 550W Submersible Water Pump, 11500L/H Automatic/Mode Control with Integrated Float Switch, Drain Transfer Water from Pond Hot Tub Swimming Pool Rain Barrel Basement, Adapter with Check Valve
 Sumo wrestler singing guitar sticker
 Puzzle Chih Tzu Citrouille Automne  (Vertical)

...

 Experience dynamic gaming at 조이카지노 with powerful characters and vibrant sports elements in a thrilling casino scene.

WHAT THE EXERCISE ASKS:
Would you please copy, word for word, everything above from the line containing "550W Submersible Water" down to the line containing "Puzzle Chih Tzu", those two lines included?

RESPONSE AREA:
 550W Submersible Water Pump, 11500L/H Automatic/Mode Control with Integrated Float Switch, Drain Transfer Water from Pond Hot Tub Swimming Pool Rain Barrel Basement, Adapter with Check Valve
 Sumo wrestler singing guitar sticker
 Puzzle Chih Tzu Citrouille Automne  (Vertical)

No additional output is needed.